Would you print the lines below exactly, beginning at the line that has "Used 2022 BMW X3 xDrive30i image 6" and stopping after the line that has "Image of Baby Bunny Hat"? Only those lines, and no pictures.

**PROVIDED MATERIAL**
/---
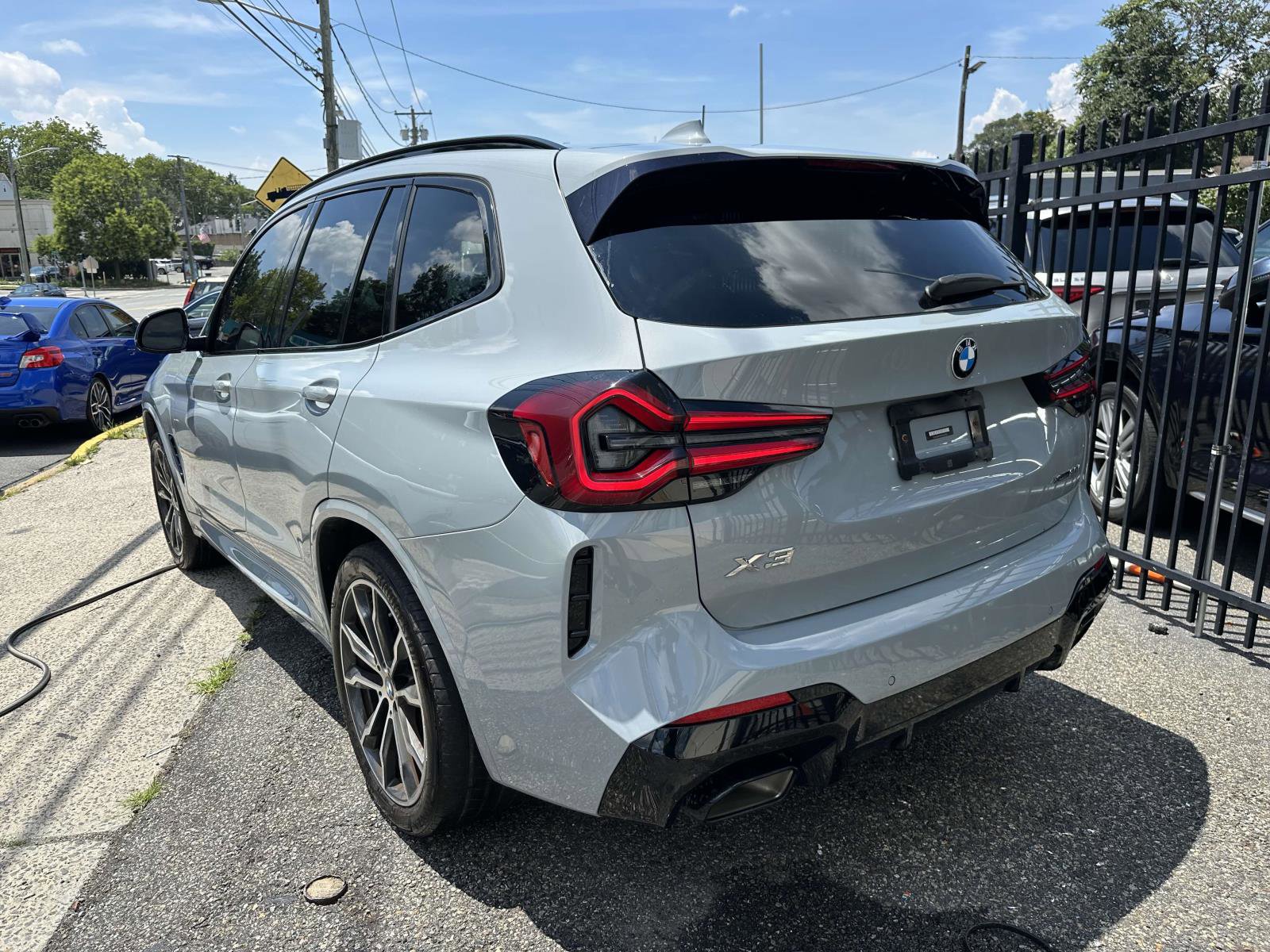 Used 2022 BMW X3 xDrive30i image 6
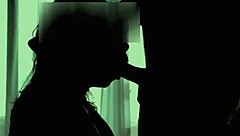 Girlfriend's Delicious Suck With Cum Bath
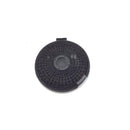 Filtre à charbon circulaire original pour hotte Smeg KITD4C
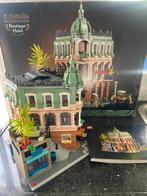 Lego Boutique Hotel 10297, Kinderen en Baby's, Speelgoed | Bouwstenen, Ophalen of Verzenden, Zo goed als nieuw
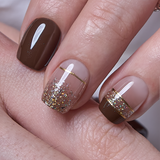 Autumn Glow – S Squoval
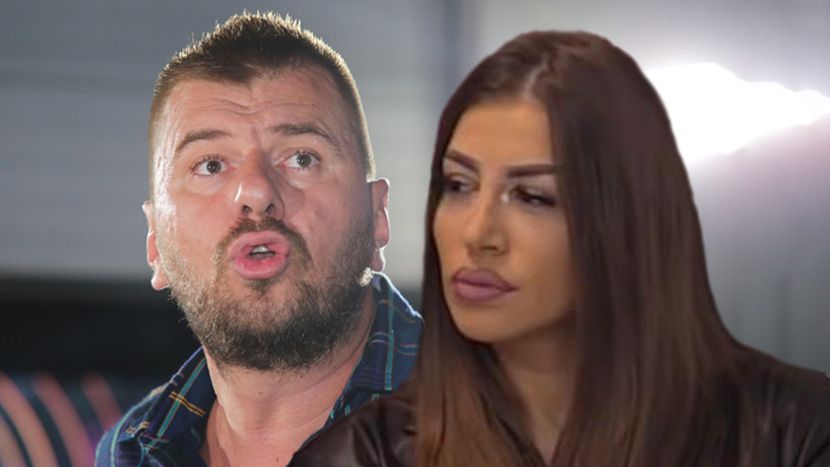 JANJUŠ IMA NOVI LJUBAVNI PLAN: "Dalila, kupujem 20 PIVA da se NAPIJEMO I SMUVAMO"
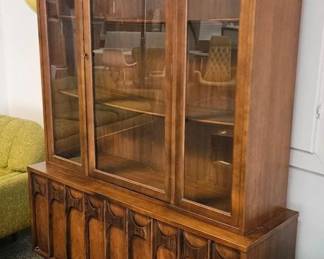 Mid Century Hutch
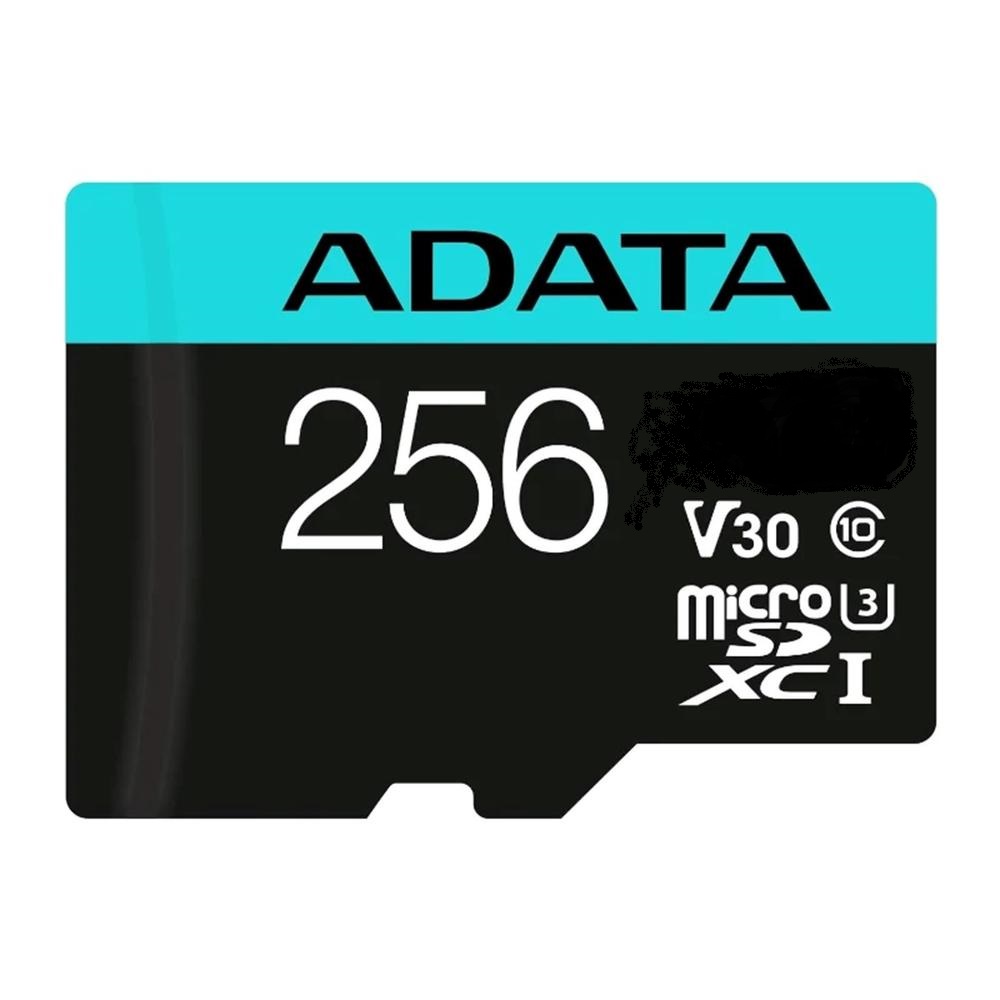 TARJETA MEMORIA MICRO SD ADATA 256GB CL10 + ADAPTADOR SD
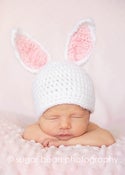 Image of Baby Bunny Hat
\---
/---
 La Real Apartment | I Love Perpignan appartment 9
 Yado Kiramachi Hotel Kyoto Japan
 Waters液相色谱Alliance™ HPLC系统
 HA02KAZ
\---
**RESULT**
 Used 2022 BMW X3 xDrive30i image 6
 Girlfriend's Delicious Suck With Cum Bath
 Filtre à charbon circulaire original pour hotte Smeg KITD4C
 Lego Boutique Hotel 10297, Kinderen en Baby's, Speelgoed | Bouwstenen, Ophalen of Verzenden, Zo goed als nieuw
 Autumn Glow – S Squoval
 JANJUŠ IMA NOVI LJUBAVNI PLAN: "Dalila, kupujem 20 PIVA da se NAPIJEMO I SMUVAMO"
 Mid Century Hutch
 TARJETA MEMORIA MICRO SD ADATA 256GB CL10 + ADAPTADOR SD
 Image of Baby Bunny Hat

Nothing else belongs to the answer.